Tuesday, September 6, 2011

Limitations of Conventional Visualization

Q: Why not just use a line graph like everyone else?

A: The human brain seems to have settled on the line graph as the preferred mode of data-tracking. Clarity of presentation is key, but one must distinguish between noise-reduction and sacrificing crucial data to give the appearance of tidiness. Line graphs imply that there is a continuous data stream, rather than intermittent data points. Furthermore, a point on a line graph may consist of a single or multiple data points. A single data point is not a scientific sample, nor is the average of multiple data points from disparate and non-analogous sources; not to mention the discontinuity of various combinations of segueing data points concealed within a fluid-seeming graph that succeeds in encrypting valuable data that could easily be visualized otherwise, or the fact that points in time without any data are treated with the assumption that the most recent data stands until explicitly refuted, and that once refuted a line is simply drawn from it to the next point.

Q: When is a line graph "good"?

A: The optimal application of a line graph is to map a continuous stream of data.
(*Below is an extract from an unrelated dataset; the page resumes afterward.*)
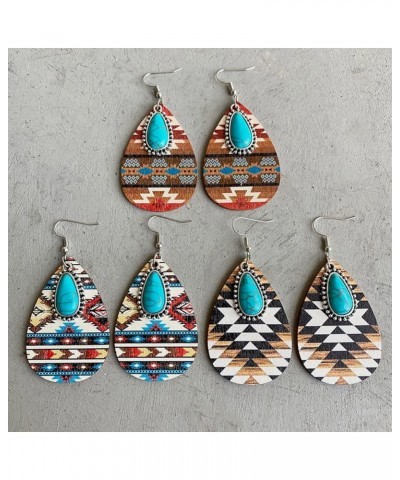 Turquoise Earrings for Women Aztec Pattern Wooden Dangle Drop Earring Bohemia Vintage Western Jewelry White Background $5.09 ...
Since continuity entails the acquisition of infinite data-samples, we quickly find this condition to be unattainable. So while a line graph is never completely accurate, accuracy does increase with sample frequency. A daily tracking poll of president Obama's approval rating, for instance, would be much more suited to this mode of visualiztion than, say, a bi-monthly poll.
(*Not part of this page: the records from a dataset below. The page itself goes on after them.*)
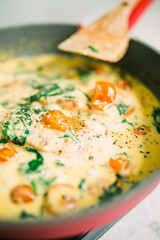 Salmon Pasta with Alfredo Sauce and Vegetables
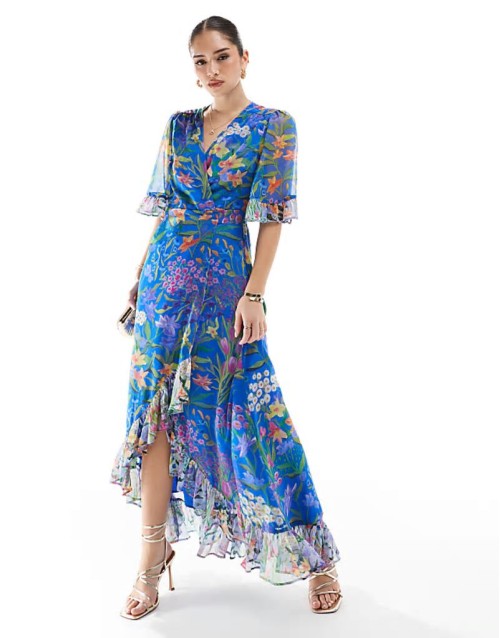 Premium frill sve maxi wrap dress with tie waist in blue print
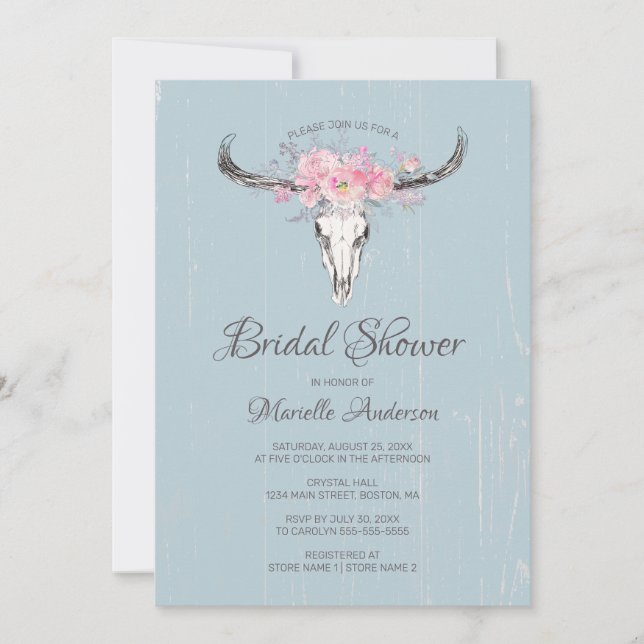 Rustic Cow Skull Boho Blush Floral B Bridal Shower Invitation (Front)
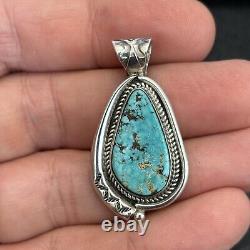 Fred Guerro Navajo Guild Turquoise Sterling Silver Pendant Vintage Signed Z8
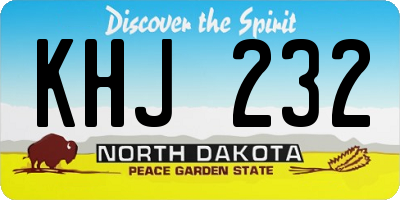 ND license plate KHJ232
Examine the following graph:
GOP Primary 2012
(Polling conducted between 9/1/10 and 8/31/11)

Data points indicate activity-by-pollster over time. Dark blue bands indicate periods of heavy activity while the pinkish ares are periods of no activity. Observe how relatively scant the available data is (any line graphs on the topic ought to be taken with a grain of salt). And to use an audio-engineering analogy, one can easily "solo" or "mute" the activity of a particular pollster.

Friday, September 2, 2011

GOP Primary 2012
(Polling conducted between 1/1/10 and 8/21/11)
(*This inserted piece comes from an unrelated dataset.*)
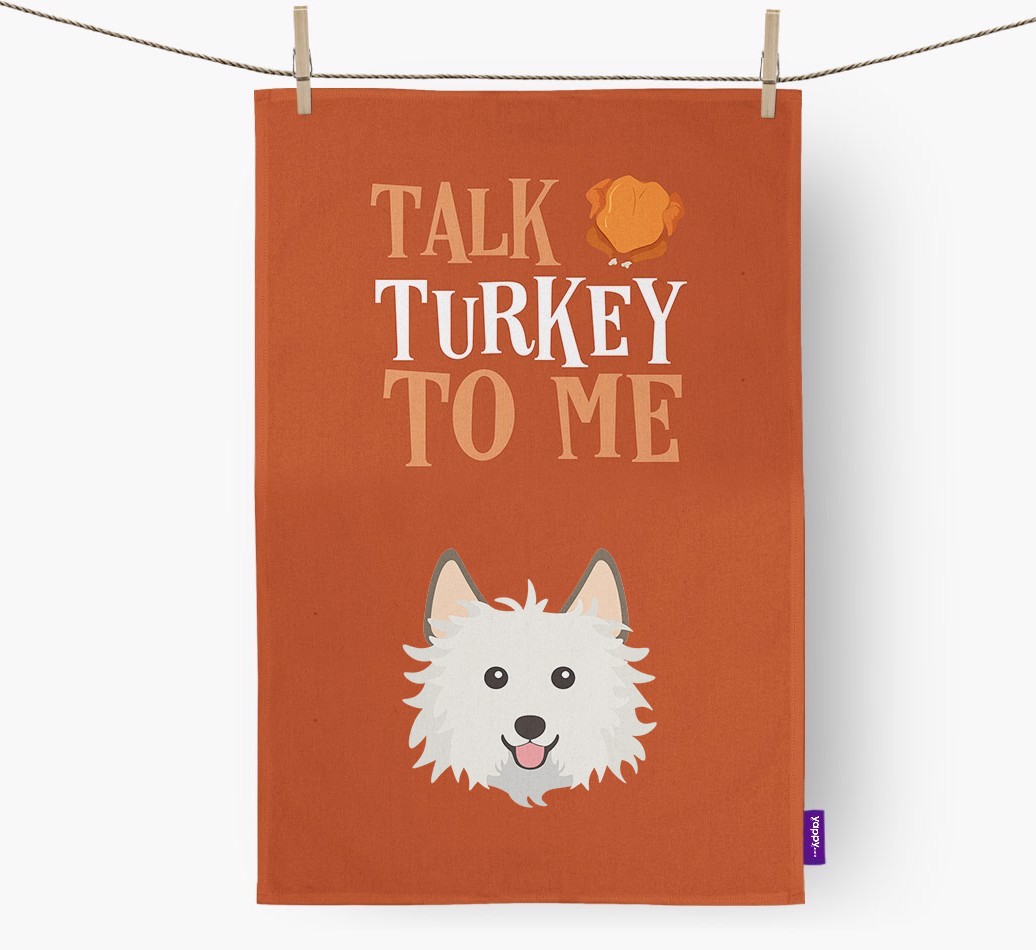 Talk Turkey To Me: Personalized {breedFullName} Dish Towel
The following graphs are "Romney-centric" and quantify a no-poll for Perry on 2/2/10 as '0'; the first poll including Rick Perry was conducted from 11/15/10 to 11/18/10. The regression line projects into negative values and would extend to the left side of the graph. Quantifying a no-poll as '0' is a way of synchronizing/manipulating data, and in this example makes Perry's rise seem more meteoric (via the regression line), though at the expense of making the onset of the rise seem painfully gradual (via the line graph). All this aside, this is the correct way to compare Perry data to Romney data over the long term while preserving correlated timeframes and regression lines (observe how the the three graphs share a horizontal zoom level); the distortion results from trying to define Perry data in the long term to begin with. To obtain a more accurate Perry readout in the short term, we should set the baseline at the first available poll containing Rick Perry, or rather, at the point in time where contiguous polls containing Rick Perry first became available. But in creating this Perry-centric model, we also generate a new interpretation of the Romney data. The more objective solution would be to provide both Romney-centric and Perry-centric readouts.








Rick Perry



Mitt Romney




Here are the same graphs with three regression lines apiece, each with a different baseline date: from left to right, 2/2/10 (our previous baseline), 11/16/10 (the date of the first poll featuring Rick Perry), and 6/11/11 (the point at which Perry became a recurring cast member).


Rick Perry


Mitt Romney


As each trend line paints a different picture, one can clearly see how data must be observed not only at different points, but from different points in order for it to yield any real meaning. Inversely, it becomes obvious how, were one to wish to promote a particular set of "findings" all one need do is weed out undesirable baselines. In this instance, we could spin it either way: "since polling data on Rick Perry first became available (blue line), Mitt Romney's popularity has enjoyed a net increase" or "since consistent polling data on Rick Perry has became available (cyan line), Mitt Romney's popularity has been in sharp decline".